Before then, I didn’t realize what the dollhouse meant to him. He
told me it was okay—that the dollhouse was mine, and destroying it
with ballistic potatoes was no big deal—but I could tell he didn’t
really mean what he was saying.
    I had hauled the broken pieces of the
dollhouse into my room. It took more than a month of exacting labor
to rebuild it. Shattered boards had to be recut, yellow
potato-juice stains painted over, furniture repaired or rebuilt.
But the look on Dad’s face when I hauled the resurrected dollhouse
out of my room made all the hours of labor worthwhile.
    A year and a half after that, Dad was dead.
Crushed under a cattle grate he had been trying to clean.
    When I missed him, I worked on the dollhouse.

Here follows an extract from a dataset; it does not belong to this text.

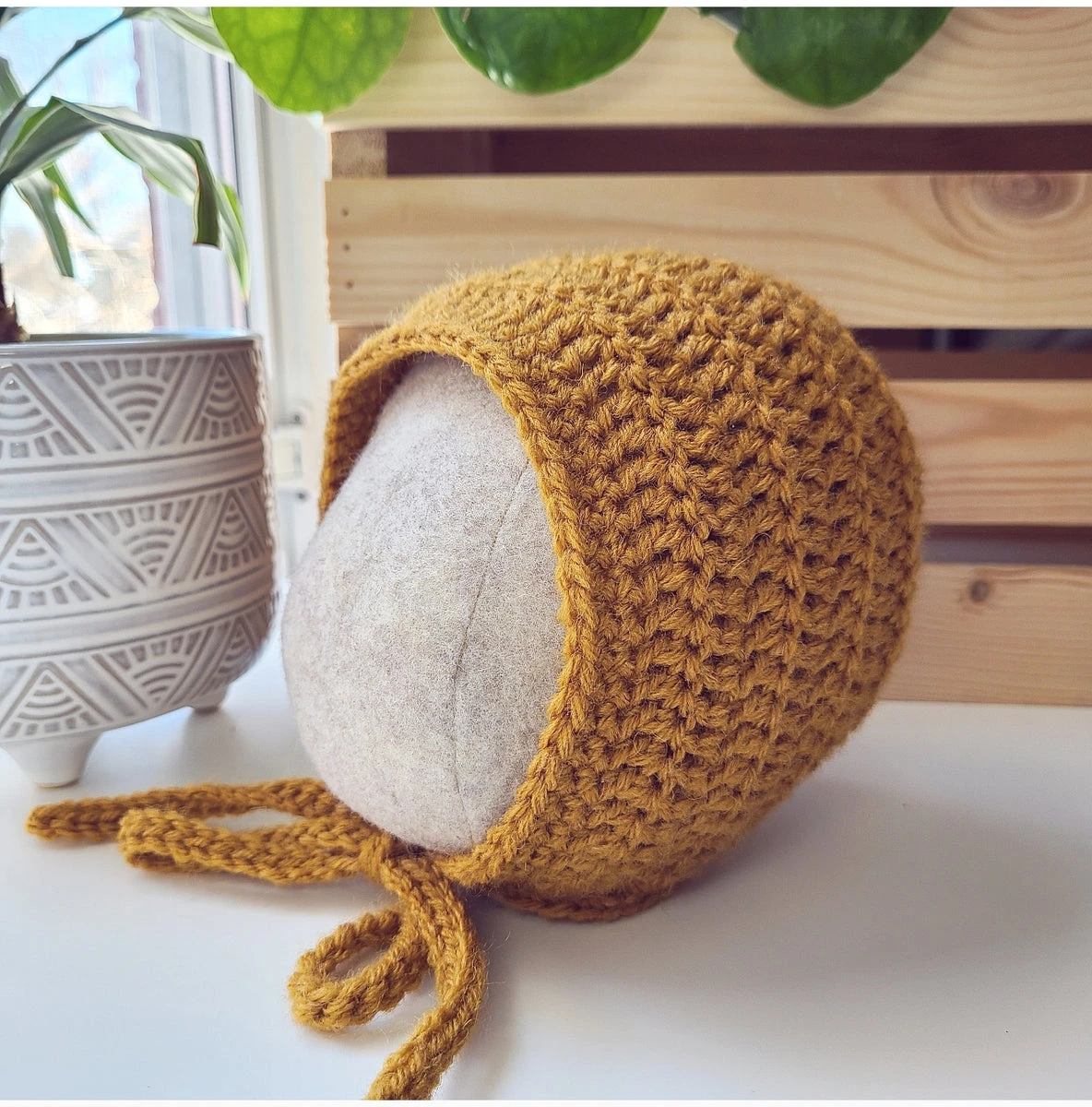 Basic Bonnet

I kept it in the workroom in our barn, on the rough wooden slab
that had served as a workbench during those happy hours Dad and I
had spent building miniature furniture.
    On that Friday, the day of the eruption, I
was building a tiny pergola to shade the back patio. I cut a joist,
working with an Exacto knife to carve a curved flourish into the
joist’s tail. As I reached for a square of sandpaper, the power
went out.
    Losing power on the farm was no big deal. It
happened far too often, although usually not on blue-skied,
late-August afternoons. I stood and heaved the barn’s massive
sliding door wide. With the door fully open, enough light would
enter the barn that I could continue working at least until
dusk.
    As the door slammed against its backstop,
jarring my shoulder, the ground shook. An earthquake, maybe,
although I couldn’t be sure—I’d never been in an earthquake before.

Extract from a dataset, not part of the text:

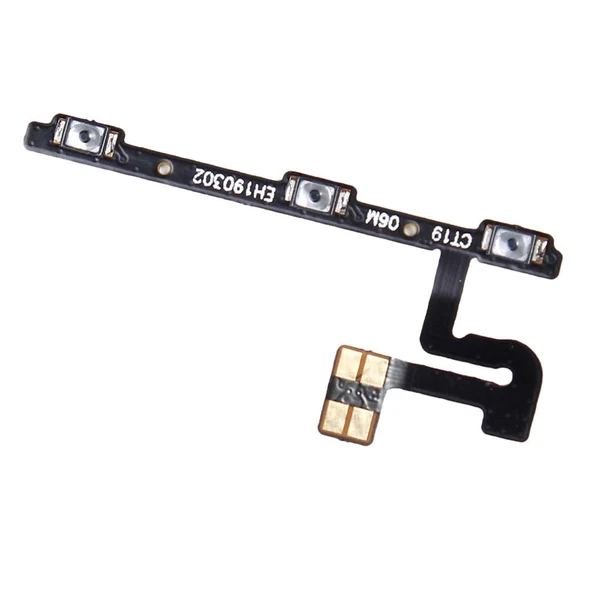 Original Maxbell Durable New Power On Off Volume Up Down Flex Cable For Huawei Mate 20 Max Unique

They’re not exactly common in Iowa.
    I looked around. A column of smoke rose
against the deep blue sky. It looked like it was coming from the
Haymaker place, a few miles northwest of us. The Haymakers were a
bit odd, so the smoke didn’t completely surprise me. Most folks
clear and burn their brush in late fall, after the harvest is in
and the sap has run out of the trees. But if the Haymakers wanted
to do it in August, well, it was their land and their brush.